## Supplied material
.....
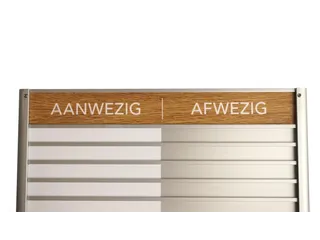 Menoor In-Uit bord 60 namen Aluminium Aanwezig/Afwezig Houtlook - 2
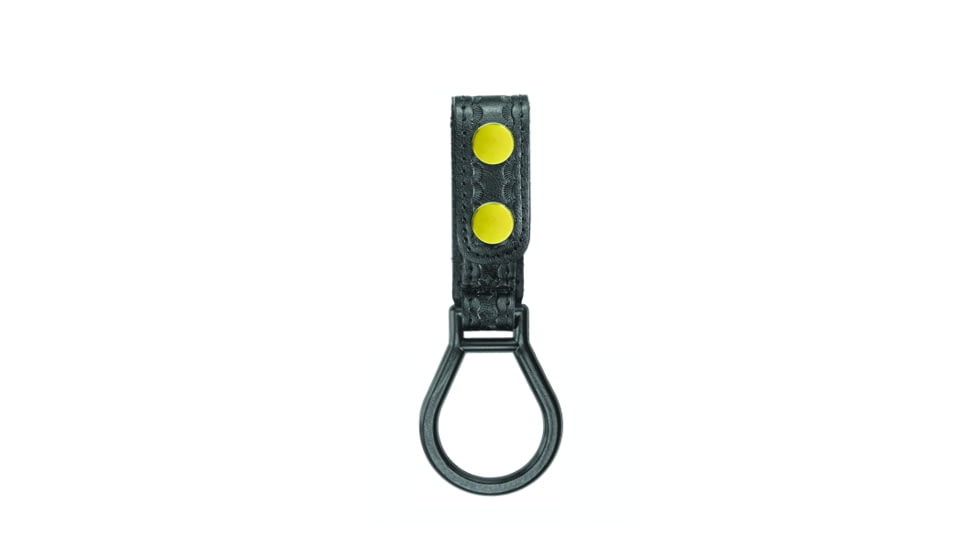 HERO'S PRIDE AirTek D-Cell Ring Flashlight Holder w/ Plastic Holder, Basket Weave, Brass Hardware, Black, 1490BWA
.....
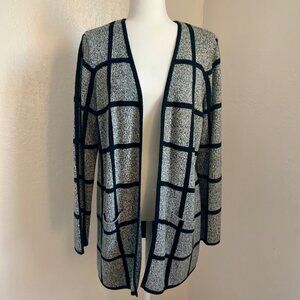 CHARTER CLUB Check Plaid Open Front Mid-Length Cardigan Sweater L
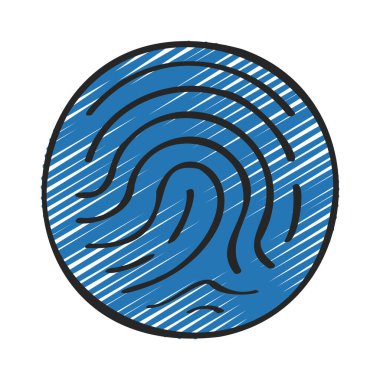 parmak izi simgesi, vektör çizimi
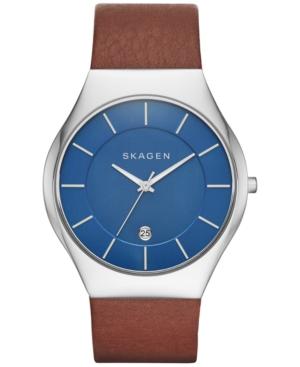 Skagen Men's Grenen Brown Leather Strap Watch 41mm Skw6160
.....
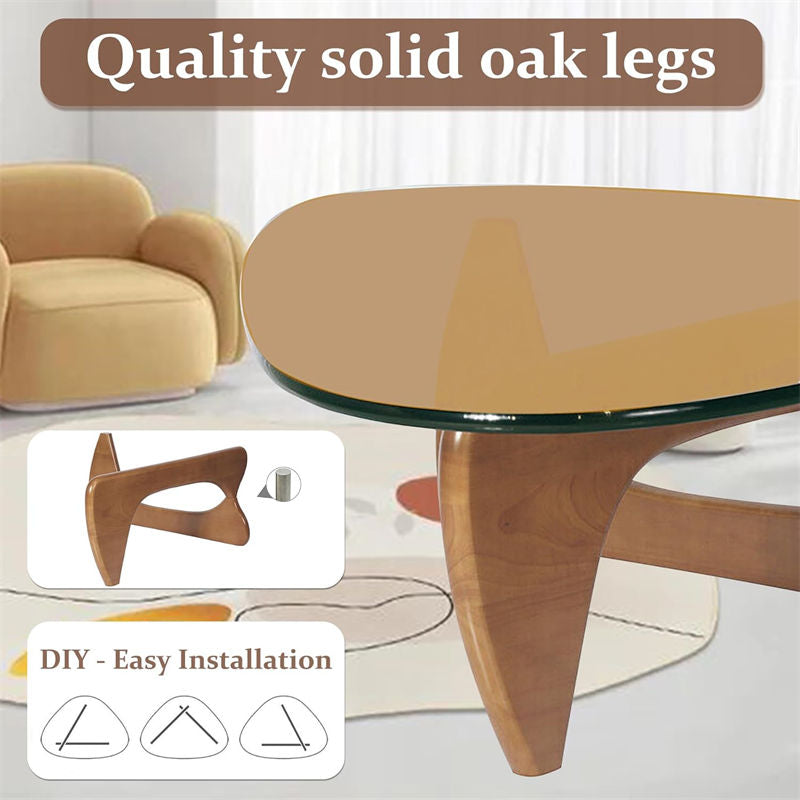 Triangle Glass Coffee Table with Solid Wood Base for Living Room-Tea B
.....
## Work to complete
Nothing except the lines from the one containing "Menoor In-Uit bord" through the one containing "HERO'S PRIDE AirTek" should appear in the answer, exactly as above and without pictures.

## Answer to the exercise
 Menoor In-Uit bord 60 namen Aluminium Aanwezig/Afwezig Houtlook - 2
 HERO'S PRIDE AirTek D-Cell Ring Flashlight Holder w/ Plastic Holder, Basket Weave, Brass Hardware, Black, 1490BWA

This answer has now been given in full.